TASK GOAL: Would you transcribe the whole listing exactly, minus its pictures?

COLLECTED DATA:
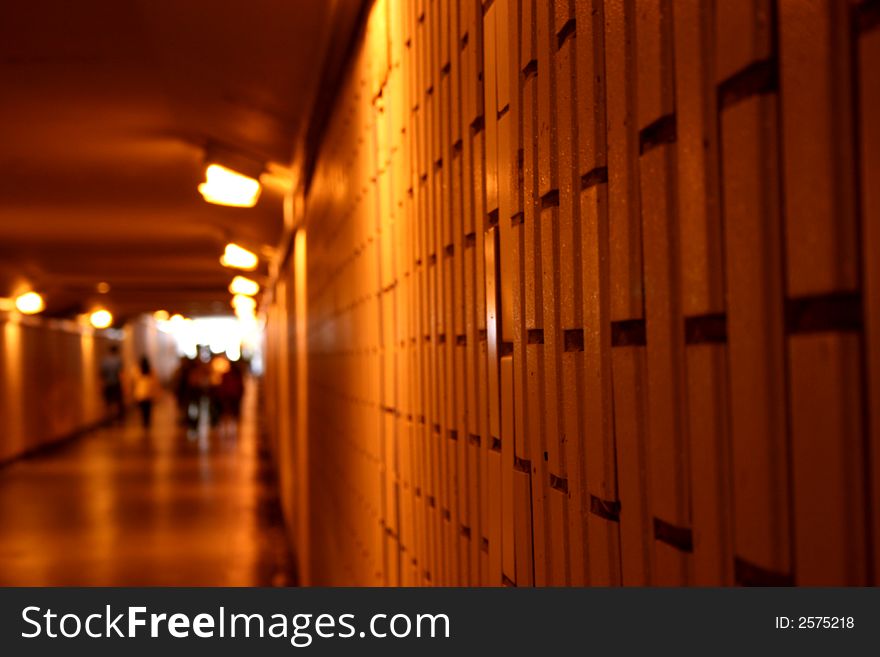 Underpass beneath a highway with halogen light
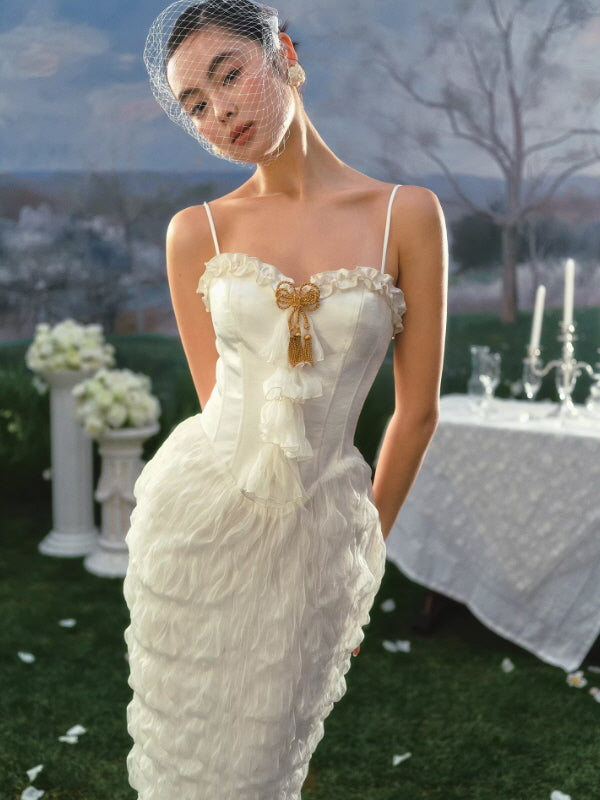 Vintage-inspired ivory corset dress with delicate straps and gold bow detail, feminine fitted silhouette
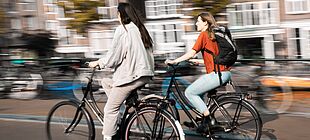 Zwei junge Frauen fahren auf Fahrrädern durch die Stadt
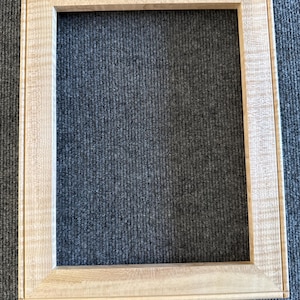 May include: A rectangular, unfinished wooden picture frame. The frame is made of light-colored wood with a natural grain pattern. The frame has a simple, classic design, with a flat surface and a recessed inner edge.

REPLY:
 Underpass beneath a highway with halogen light
 Vintage-inspired ivory corset dress with delicate straps and gold bow detail, feminine fitted silhouette
 Zwei junge Frauen fahren auf Fahrrädern durch die Stadt
 May include: A rectangular, unfinished wooden picture frame. The frame is made of light-colored wood with a natural grain pattern. The frame has a simple, classic design, with a flat surface and a recessed inner edge.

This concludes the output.